Only one span of the material below is wanted. Output it exactly, from the line with "Fireworks Agate Necklace" through the line with "Black Ebony 2007", without any pictures.

* DATA FOR THE TASK:
- Opening Delimiter -

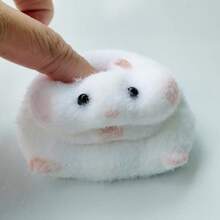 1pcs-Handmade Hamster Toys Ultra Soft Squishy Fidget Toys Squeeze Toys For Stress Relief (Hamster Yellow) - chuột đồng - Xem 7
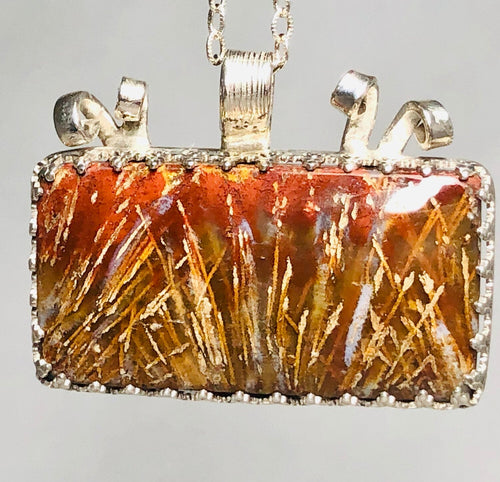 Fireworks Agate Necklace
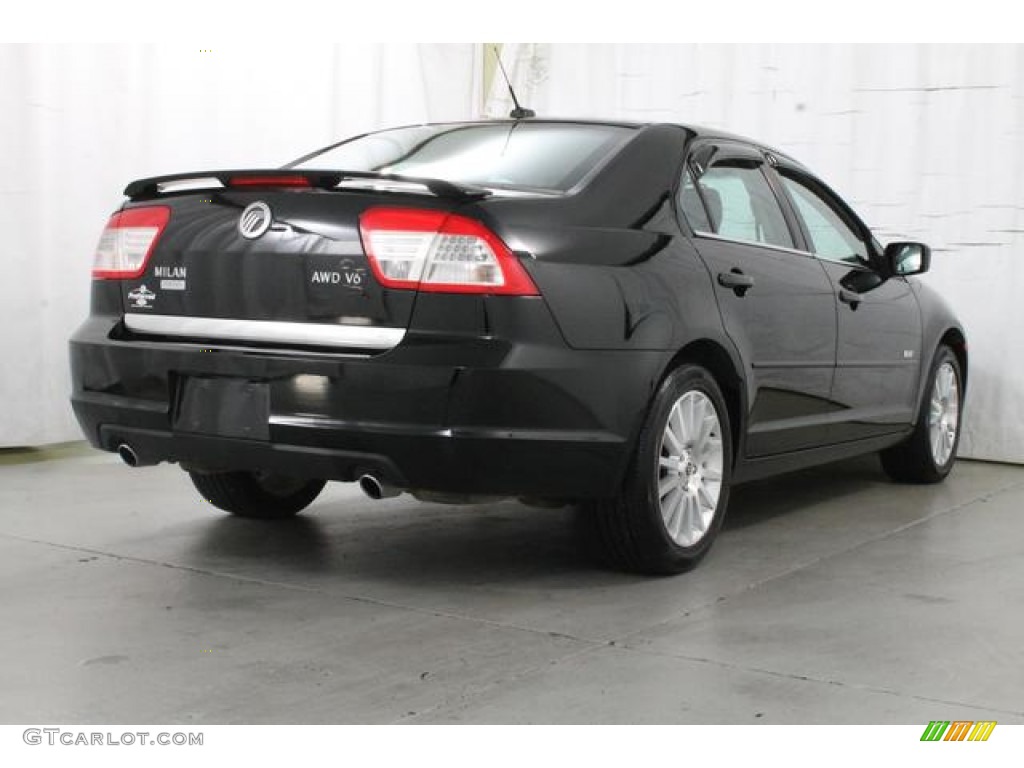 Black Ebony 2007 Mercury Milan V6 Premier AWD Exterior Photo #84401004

- Closing Delimiter -
- Opening Delimiter -

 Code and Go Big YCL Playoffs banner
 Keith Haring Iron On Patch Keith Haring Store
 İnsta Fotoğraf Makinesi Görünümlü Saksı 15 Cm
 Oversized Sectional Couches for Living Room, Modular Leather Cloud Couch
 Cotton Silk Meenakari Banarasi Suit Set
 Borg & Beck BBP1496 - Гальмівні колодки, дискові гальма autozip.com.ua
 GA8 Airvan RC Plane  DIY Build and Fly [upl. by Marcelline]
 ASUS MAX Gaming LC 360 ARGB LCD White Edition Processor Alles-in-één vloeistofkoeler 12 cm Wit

- Closing Delimiter -
- Opening Delimiter -

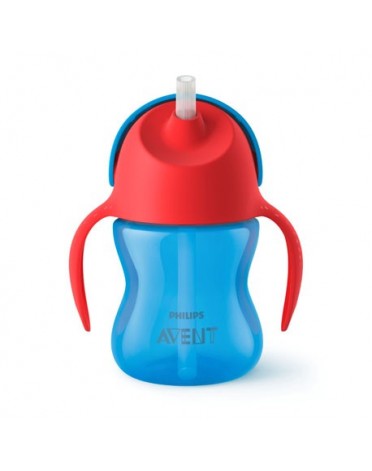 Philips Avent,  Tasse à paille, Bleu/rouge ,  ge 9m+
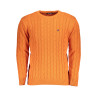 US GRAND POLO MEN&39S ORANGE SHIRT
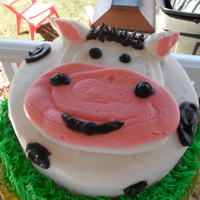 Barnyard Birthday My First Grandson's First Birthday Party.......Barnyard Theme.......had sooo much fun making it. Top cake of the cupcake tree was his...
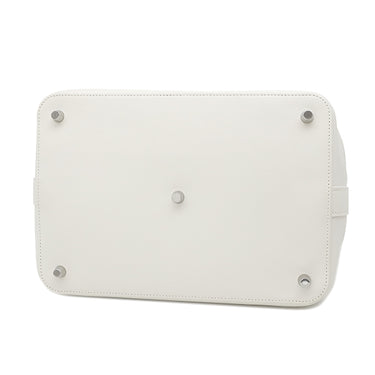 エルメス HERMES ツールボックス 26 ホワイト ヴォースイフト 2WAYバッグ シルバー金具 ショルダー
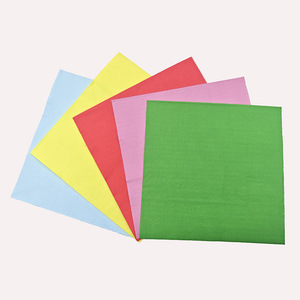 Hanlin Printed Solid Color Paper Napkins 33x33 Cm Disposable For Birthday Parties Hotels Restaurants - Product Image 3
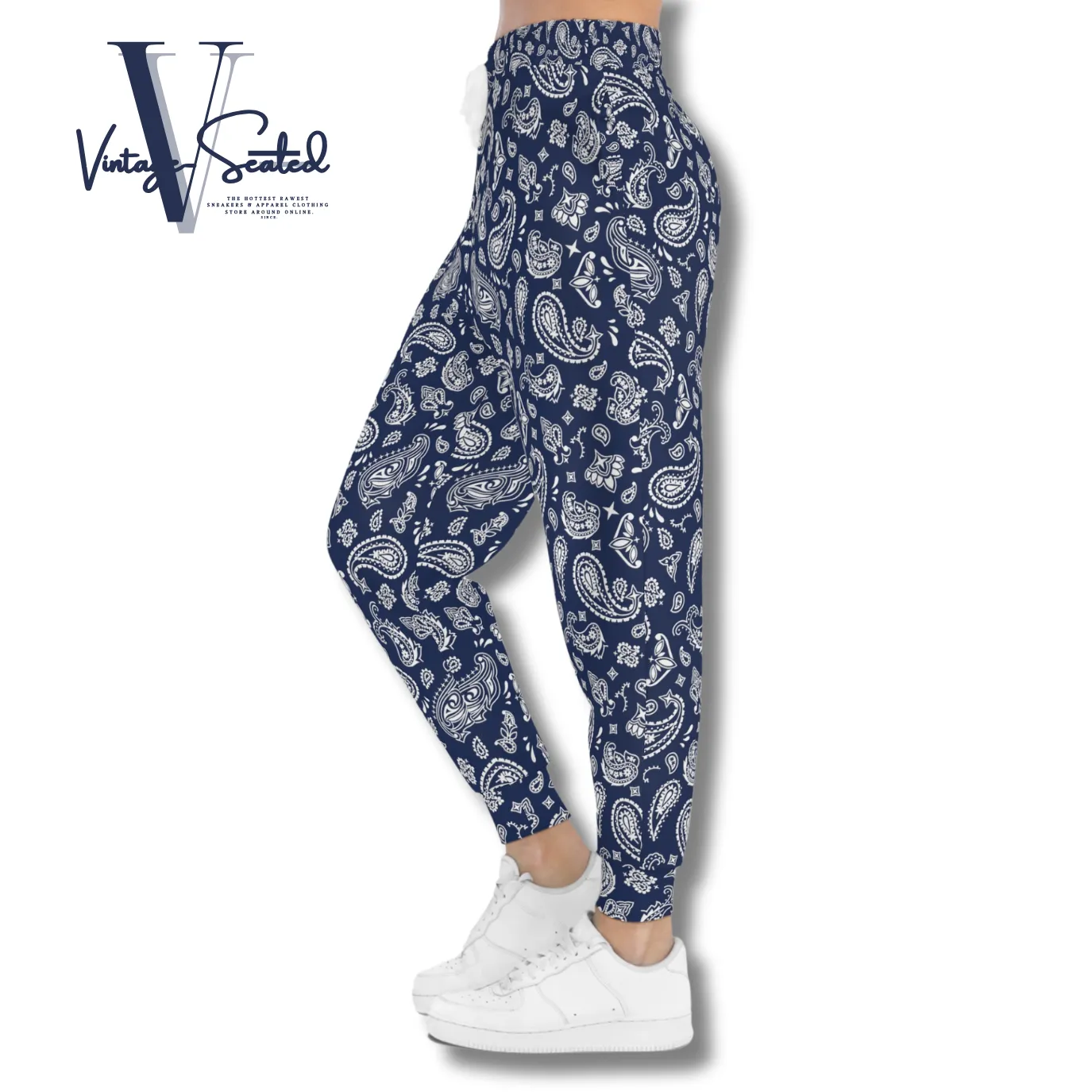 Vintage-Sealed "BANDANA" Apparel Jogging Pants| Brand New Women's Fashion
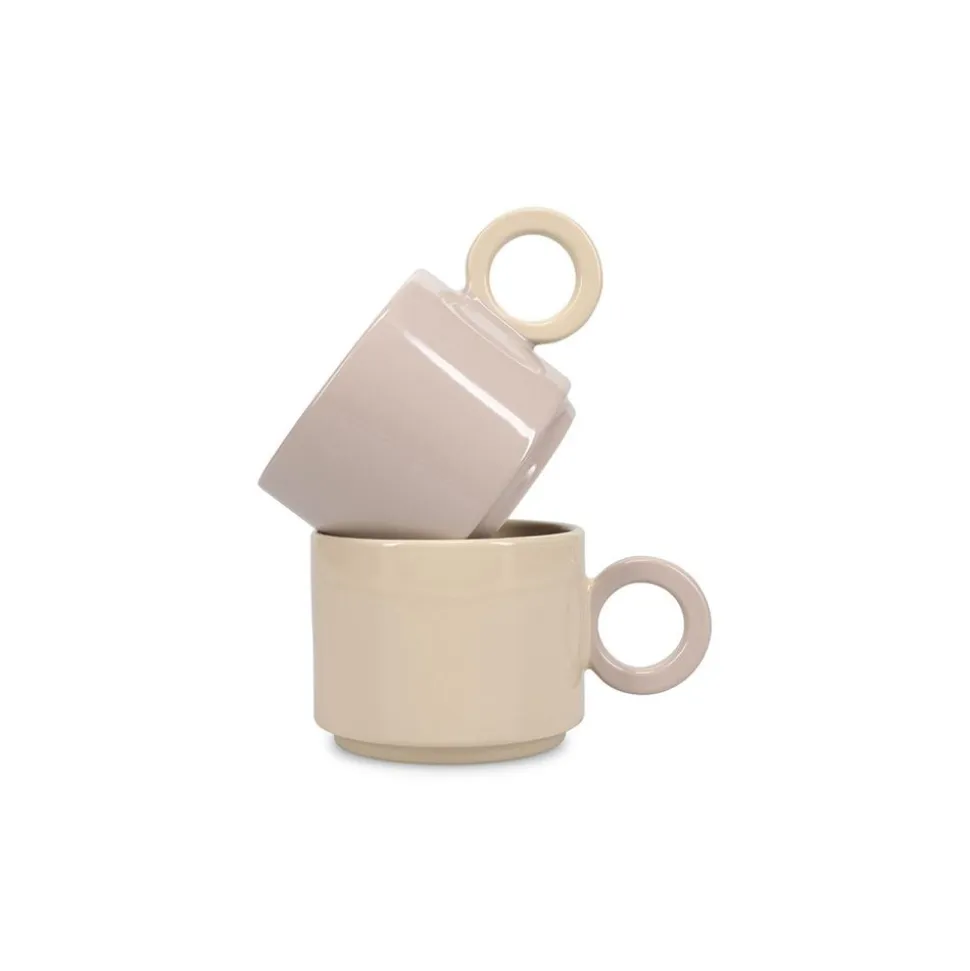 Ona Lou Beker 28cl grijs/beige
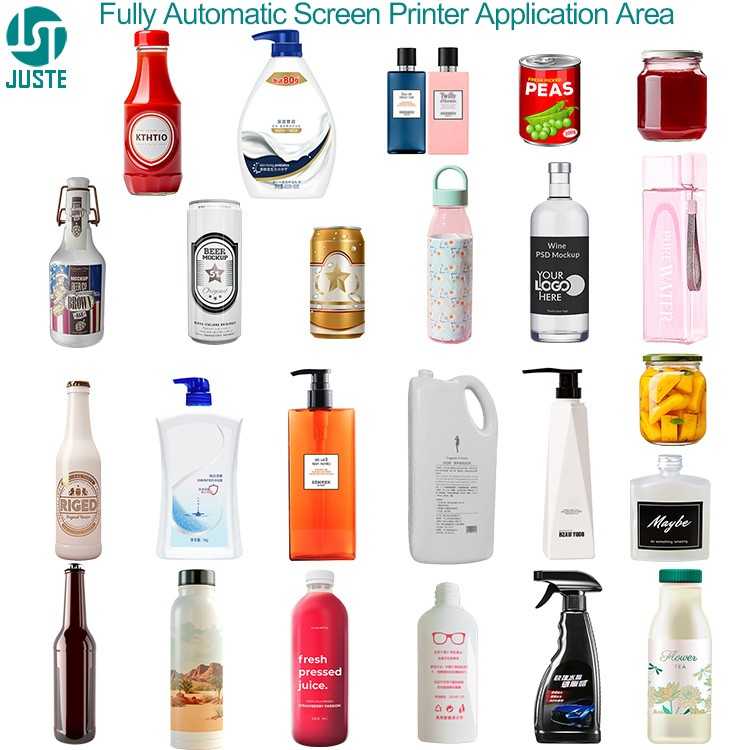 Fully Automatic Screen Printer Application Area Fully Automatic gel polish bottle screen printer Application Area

- Closing Delimiter -

* THE ANSWER:
 Fireworks Agate Necklace
 Black Ebony 2007 Mercury Milan V6 Premier AWD Exterior Photo #84401004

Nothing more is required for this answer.